ガソリンが、高いなぁ……。
しかし地方で生活していると車は必需品なので、嘆き節も諦めにしかなりませんね。
ということで、本日は――
■The Tokyo Blues / Horace Silver (Blue Note)
今でこそ日常的な外タレの来日公演も、1970年代までは、ひとつの大イベントでした。特に外貨が自由にならない時期においては、大袈裟ではなく、国を挙げての歓待という趣さえあったと言われています。
ですから、ほとんどの外タレは、一様に大喜びして日本に対するイメージを良くしているようですし、帰国後には日本への感謝の意を込めて行われたレコーディングセッションも、珍しくありません。
本日の1枚は、その代表格でしょうねぇ。ジャケ写は和服姿の日本美人を両手に花という、心底笑顔のホレス・シルバーが印象的です。
録音は1962年7月13~14日、メンバーはホレス・シルバー(p) をバンマスに、ブルー・ミッチェル(tp)、ジュニア・クック(ts)、ジーン・テイラー(b)、そしてジョン・ハリス(ds) という、この年の正月に敢行された来日公演と同じグループによるものです――
A-1 Too Much Sake
ちょっとヘヴィなテーマリフから変形ラテンビートのウネリの中を、ジュニア・クックがハードバップから一歩踏み込んだような、実に味わい深いアドリブを聞かせてくれます。背後で炸裂するホレス・シルバーのコード弾きも熱く、またジョン・ハリスのドラムスもクールに弾けていますから、全く不思議な興奮に包まれます。
それはブルー・ミッチェルとても同じ気分だったのでしょうか、何時もながらの分かり易いフレーズの連発でありながら、リズム隊の恐い絡みがあって、ちょっと異次元に向かっているようです。
そしてホレス・シルバーが、なかなかに粘っこいです! 得意のリズム的な興奮を煽るような展開から、ジョン・ハリスのピキパキ系のドラミングとグルになったようなグルーヴを発散させていくところは、タイトルどおりの酩酊状態!?
A-2 Sayonaro Blues
「節」は何時ものホレス・シルバーなんですが、全体に漂う陰鬱な雰囲気は、流石に東洋的なフィーリングがあるように思います。ただし、ありがちな中華メロディではなくて、あくまでもファンキーなところが、たまりません。
う~ん、こういうネクラにスイングしまくるブルー・ミッチェルも、なかなか良いですねぇ~♪ ジョン・ハリスはスネアとタム、ハイハット主体の珍しいドラミングで「場」を盛り上げます。

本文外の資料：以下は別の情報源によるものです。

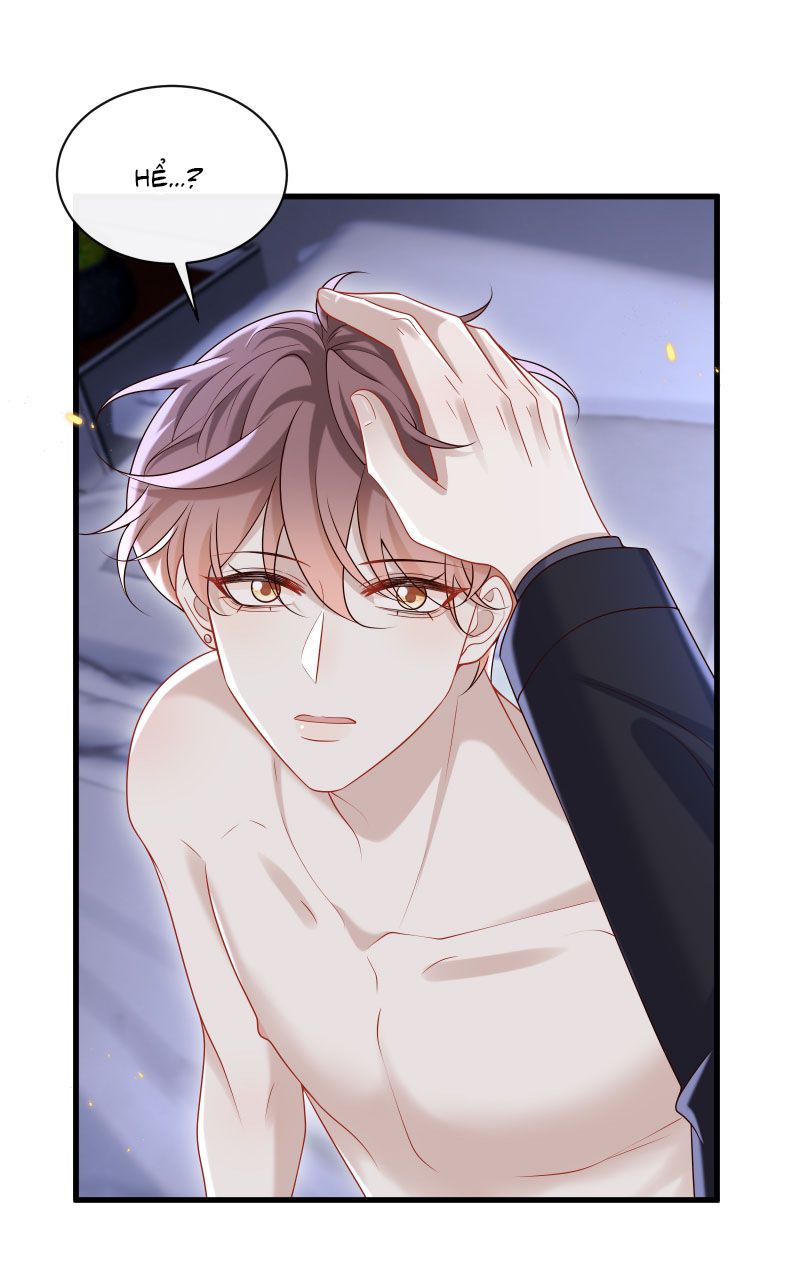 Anh Ấy Đến Từ Màn Đêm Chapter 51 - Next Chapter 52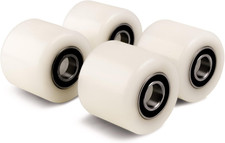 Rotelle per Carretto per Pallet, Diametro Di 70 Mm, Larghezza Di 60 Mm, Ruote/Ro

そしてジュニア・クックの思わせぶりなフレーズ展開も、これまた珍しいわけですが、この人が独特の黒っぽい音色に途中から妙なエコーが付けられているのは、何故だっ!? しかしジョン・コルトレーンのスタイルになっていないのは、流石です♪
肝心のホレス・シルバーはシンプルな音選びと執拗な左手のコード弾きの対称が面白く、あまりのことに辟易する瞬間もあるほどですが……。
とにかく黒くて脂っこい演奏です。これってハードバップなのか!?
B-1 The Tokyo Blues
これまた変則ラテンビートが弾ける不思議なハードバッブです。重苦しいリフが、一転して開放的になるテーマメロディが??? しかし妙な魅力があるのです。
そしてアドリブパートでは各メンバーが、それぞれに熱演を繰り広げますが、ジョン・ハリスの激したドラミングが最高! 細かいリズムのリムショットにキメのシンバル! あぁ、こんなに煽られては……。
ちなみにこれは我国の歌謡曲とは同名異曲ですが、クライマックスの神秘的な響きが、けっこう気に入っているのでした。
B-2 Cherry Blossom
この曲だけがホレス・シルバーのオリジナルではなく、知る人ぞしるピアニストのロンネル・ブライトが書下ろし♪ ホーンの2人が抜けたトリオでの演奏で、温か味のあるメロディがジンワリと変奏されていきます。
もちろん中盤では強いビートの「シルバー節」も出ますから、眠くなりません。隠れ名演じゃないでしょうか。
B-3 Ah ! So
これまた妙な追跡調のテーマなんですが、実はこのアルバムで唯一の正統派4ビートの快演! 豪快なリズム隊の魅力も堪能出来ますし、なによりもジュニア・クックとブルー・ミッチェルがバカノリです♪ 密かに使われているモード手法も、良い感じ♪
しかしホレス・シルバーは、そんな思惑は一切、おかまいなし! ゴンゴンと熱く迫るピアノの響きは唯一無二の豪胆さだと思います。
ラストテーマのカッコ良さは、もはや伝説かもしれません。
ということで、変なところで重苦しい演奏ばっかりなんですが、ジョン・ハリスの細かいビートを使ったドラミングが物凄く刺激的です。バンド全体が、このドラマーに支えられ、引っ張られている感じなんですねぇ~~。
今日ではそれほど注目されていない作品かもしれませんが、時代的にもハードバップとモードのゴッタ煮のような、凄い密度の演奏が見事だと思います。
ただし、こういうフォーマットの中では、ブルー・ミッチェルもジュニア・クックも持ち前の歌心を存分に発揮出来ないのが、隠せない事実です。そして2人は、ほどなくバンドを辞めていくのですが……。